It was always better ‘back in your day,’ and these kids today just don’t get it. It’s a generational thing. Different times, different events, different experiences and therefore a different mindset. Before you go ahead and label, please read these as a guide against ignorance.
Generation X (born 1956–1975)
This generation includes the final stragglers of the ‘baby boomers’ who were largely influenced by the social and economic downturns of the Second World War and political assassinations of Senator Robert F. Kennedy and Reverend Martin Luther King. Growing up, some referred to them as the ‘lost’ generation who, historically, were the first to report being raised with a lack of solid traditions. The high divorce and daycare rates may have been the exacerbating factors for their high levels of skepticism and distrust: individualism dominates collectivism. Lastly, they have been sworn in by consumerism—although Ferris Bueller encourages them that a person should not believe in an -ism, they should believe in themselves.

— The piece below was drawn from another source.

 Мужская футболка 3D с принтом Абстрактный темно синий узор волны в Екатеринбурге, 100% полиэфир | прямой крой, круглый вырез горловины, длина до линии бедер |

Generation Y (born 1976–1995)
Most popularly noted as the ‘millennials’, they represent a contradiction at heart—civic-minded and self-absorbed. With the rise of the personal computer (thanks to Bill and Steve), a technology-centered group was born. This generation is known to ‘have the world at their fingertips’, or so the cliché goes. Exposed to the tragic terrorist attacks on the World Trade Centers and the events leading up to the Oklahoma City bombings, like their parents, they are also driven by a general lack of trust for institutions. On the flip side of this, change is on their agenda. They are socially active and have an increased appetite for more social and ethnic inclusion. They perhaps see higher education as a means for this as they are staying in school longer and thus entering the job market later.
Generation Z (born 1996–2015)
Much can be said about this generation yet the exact precision to which this script will play out is difficult to tell as they are only beginning to enter the workforce, with some just graduating from college—others from diapers. This group lives at a time where FANG companies Facebook Apple, Netflix, and Google are akin to the large automotive firms, such as GM and Ford, who were both the dominant and treasured employers in previous generations. They have been exposed to the perils of an unregulated capitalist system during the wake of the U.S. financial crisis and cannot remember a time before social media growing up fully-immersed in virtual communication. Much can be said about the fifteen minutes of fame Andy Warhol alluded to as video and blogging sites have allowed talent to be exposed and rise faster than ever. Oh, and multi-billion-dollar start-ups are a thing.